*** Opening Data records ***

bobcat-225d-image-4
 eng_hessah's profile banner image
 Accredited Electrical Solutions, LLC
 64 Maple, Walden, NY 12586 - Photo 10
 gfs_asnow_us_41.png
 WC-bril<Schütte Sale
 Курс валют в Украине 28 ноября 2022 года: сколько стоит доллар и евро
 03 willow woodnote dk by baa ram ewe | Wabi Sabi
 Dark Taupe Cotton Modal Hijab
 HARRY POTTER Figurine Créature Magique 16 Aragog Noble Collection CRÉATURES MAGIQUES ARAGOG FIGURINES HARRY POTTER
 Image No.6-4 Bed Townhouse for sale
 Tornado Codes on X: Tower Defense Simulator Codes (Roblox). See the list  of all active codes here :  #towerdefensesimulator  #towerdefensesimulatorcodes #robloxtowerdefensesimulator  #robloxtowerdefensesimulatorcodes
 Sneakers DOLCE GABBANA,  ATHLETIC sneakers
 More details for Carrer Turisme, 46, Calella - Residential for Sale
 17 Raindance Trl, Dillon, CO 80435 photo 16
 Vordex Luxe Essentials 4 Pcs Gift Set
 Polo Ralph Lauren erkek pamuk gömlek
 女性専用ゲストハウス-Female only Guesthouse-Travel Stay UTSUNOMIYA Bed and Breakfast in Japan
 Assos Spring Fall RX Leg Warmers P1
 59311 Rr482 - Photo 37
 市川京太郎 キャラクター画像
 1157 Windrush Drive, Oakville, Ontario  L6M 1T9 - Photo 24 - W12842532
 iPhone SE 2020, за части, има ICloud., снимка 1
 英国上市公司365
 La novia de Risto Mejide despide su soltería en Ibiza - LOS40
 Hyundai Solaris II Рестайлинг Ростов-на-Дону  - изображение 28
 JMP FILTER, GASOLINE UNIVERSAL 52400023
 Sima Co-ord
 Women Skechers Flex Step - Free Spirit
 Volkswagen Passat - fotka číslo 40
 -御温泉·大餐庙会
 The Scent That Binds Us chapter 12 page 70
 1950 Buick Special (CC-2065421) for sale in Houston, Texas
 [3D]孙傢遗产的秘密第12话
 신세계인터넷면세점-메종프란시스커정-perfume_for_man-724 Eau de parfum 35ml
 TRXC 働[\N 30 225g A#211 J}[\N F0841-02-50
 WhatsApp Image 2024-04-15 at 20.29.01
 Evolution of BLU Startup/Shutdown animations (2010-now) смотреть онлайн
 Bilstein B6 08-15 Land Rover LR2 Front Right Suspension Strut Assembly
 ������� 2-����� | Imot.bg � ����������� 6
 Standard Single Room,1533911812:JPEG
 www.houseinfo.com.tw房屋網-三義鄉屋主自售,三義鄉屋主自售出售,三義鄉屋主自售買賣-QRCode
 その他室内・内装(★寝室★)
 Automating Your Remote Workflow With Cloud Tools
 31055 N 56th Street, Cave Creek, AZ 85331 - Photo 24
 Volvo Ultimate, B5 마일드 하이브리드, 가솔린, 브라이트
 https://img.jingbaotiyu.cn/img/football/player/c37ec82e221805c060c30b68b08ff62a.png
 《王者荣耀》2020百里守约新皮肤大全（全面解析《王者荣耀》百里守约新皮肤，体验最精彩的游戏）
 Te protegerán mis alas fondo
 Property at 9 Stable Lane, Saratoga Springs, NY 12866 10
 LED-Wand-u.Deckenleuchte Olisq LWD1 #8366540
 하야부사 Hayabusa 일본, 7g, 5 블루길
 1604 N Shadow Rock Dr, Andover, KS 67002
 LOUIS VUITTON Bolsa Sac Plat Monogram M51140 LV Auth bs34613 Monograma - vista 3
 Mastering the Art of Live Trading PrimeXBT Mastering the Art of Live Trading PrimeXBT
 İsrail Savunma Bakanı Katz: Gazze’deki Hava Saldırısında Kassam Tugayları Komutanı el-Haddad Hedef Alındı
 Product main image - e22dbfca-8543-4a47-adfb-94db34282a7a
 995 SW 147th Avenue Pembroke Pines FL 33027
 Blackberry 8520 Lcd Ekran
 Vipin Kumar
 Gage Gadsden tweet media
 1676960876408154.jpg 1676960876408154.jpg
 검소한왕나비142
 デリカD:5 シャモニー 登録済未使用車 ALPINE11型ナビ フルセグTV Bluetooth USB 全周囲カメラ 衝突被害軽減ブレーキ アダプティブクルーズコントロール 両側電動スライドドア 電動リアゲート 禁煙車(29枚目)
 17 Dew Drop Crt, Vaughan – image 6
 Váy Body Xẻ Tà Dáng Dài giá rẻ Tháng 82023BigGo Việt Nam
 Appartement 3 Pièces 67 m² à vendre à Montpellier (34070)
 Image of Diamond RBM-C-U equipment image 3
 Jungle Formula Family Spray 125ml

*** Closing Data records ***

# [Description of the task]
What is needed is an exact transcription of every entry.

# [Answer space]
bobcat-225d-image-4
 eng_hessah's profile banner image
 Accredited Electrical Solutions, LLC
 64 Maple, Walden, NY 12586 - Photo 10
 gfs_asnow_us_41.png
 WC-bril<Schütte Sale
 Курс валют в Украине 28 ноября 2022 года: сколько стоит доллар и евро
 03 willow woodnote dk by baa ram ewe | Wabi Sabi
 Dark Taupe Cotton Modal Hijab
 HARRY POTTER Figurine Créature Magique 16 Aragog Noble Collection CRÉATURES MAGIQUES ARAGOG FIGURINES HARRY POTTER
 Image No.6-4 Bed Townhouse for sale
 Tornado Codes on X: Tower Defense Simulator Codes (Roblox). See the list  of all active codes here :  #towerdefensesimulator  #towerdefensesimulatorcodes #robloxtowerdefensesimulator  #robloxtowerdefensesimulatorcodes
 Sneakers DOLCE GABBANA,  ATHLETIC sneakers
 More details for Carrer Turisme, 46, Calella - Residential for Sale
 17 Raindance Trl, Dillon, CO 80435 photo 16
 Vordex Luxe Essentials 4 Pcs Gift Set
 Polo Ralph Lauren erkek pamuk gömlek
 女性専用ゲストハウス-Female only Guesthouse-Travel Stay UTSUNOMIYA Bed and Breakfast in Japan
 Assos Spring Fall RX Leg Warmers P1
 59311 Rr482 - Photo 37
 市川京太郎 キャラクター画像
 1157 Windrush Drive, Oakville, Ontario  L6M 1T9 - Photo 24 - W12842532
 iPhone SE 2020, за части, има ICloud., снимка 1
 英国上市公司365
 La novia de Risto Mejide despide su soltería en Ibiza - LOS40
 Hyundai Solaris II Рестайлинг Ростов-на-Дону  - изображение 28
 JMP FILTER, GASOLINE UNIVERSAL 52400023
 Sima Co-ord
 Women Skechers Flex Step - Free Spirit
 Volkswagen Passat - fotka číslo 40
 -御温泉·大餐庙会
 The Scent That Binds Us chapter 12 page 70
 1950 Buick Special (CC-2065421) for sale in Houston, Texas
 [3D]孙傢遗产的秘密第12话
 신세계인터넷면세점-메종프란시스커정-perfume_for_man-724 Eau de parfum 35ml
 TRXC 働[\N 30 225g A#211 J}[\N F0841-02-50
 WhatsApp Image 2024-04-15 at 20.29.01
 Evolution of BLU Startup/Shutdown animations (2010-now) смотреть онлайн
 Bilstein B6 08-15 Land Rover LR2 Front Right Suspension Strut Assembly
 ������� 2-����� | Imot.bg � ����������� 6
 Standard Single Room,1533911812:JPEG
 www.houseinfo.com.tw房屋網-三義鄉屋主自售,三義鄉屋主自售出售,三義鄉屋主自售買賣-QRCode
 その他室内・内装(★寝室★)
 Automating Your Remote Workflow With Cloud Tools
 31055 N 56th Street, Cave Creek, AZ 85331 - Photo 24
 Volvo Ultimate, B5 마일드 하이브리드, 가솔린, 브라이트
 https://img.jingbaotiyu.cn/img/football/player/c37ec82e221805c060c30b68b08ff62a.png
 《王者荣耀》2020百里守约新皮肤大全（全面解析《王者荣耀》百里守约新皮肤，体验最精彩的游戏）
 Te protegerán mis alas fondo
 Property at 9 Stable Lane, Saratoga Springs, NY 12866 10
 LED-Wand-u.Deckenleuchte Olisq LWD1 #8366540
 하야부사 Hayabusa 일본, 7g, 5 블루길
 1604 N Shadow Rock Dr, Andover, KS 67002
 LOUIS VUITTON Bolsa Sac Plat Monogram M51140 LV Auth bs34613 Monograma - vista 3
 Mastering the Art of Live Trading PrimeXBT Mastering the Art of Live Trading PrimeXBT
 İsrail Savunma Bakanı Katz: Gazze’deki Hava Saldırısında Kassam Tugayları Komutanı el-Haddad Hedef Alındı
 Product main image - e22dbfca-8543-4a47-adfb-94db34282a7a
 995 SW 147th Avenue Pembroke Pines FL 33027
 Blackberry 8520 Lcd Ekran
 Vipin Kumar
 Gage Gadsden tweet media
 1676960876408154.jpg 1676960876408154.jpg
 검소한왕나비142
 デリカD:5 シャモニー 登録済未使用車 ALPINE11型ナビ フルセグTV Bluetooth USB 全周囲カメラ 衝突被害軽減ブレーキ アダプティブクルーズコントロール 両側電動スライドドア 電動リアゲート 禁煙車(29枚目)
 17 Dew Drop Crt, Vaughan – image 6
 Váy Body Xẻ Tà Dáng Dài giá rẻ Tháng 82023BigGo Việt Nam
 Appartement 3 Pièces 67 m² à vendre à Montpellier (34070)
 Image of Diamond RBM-C-U equipment image 3
 Jungle Formula Family Spray 125ml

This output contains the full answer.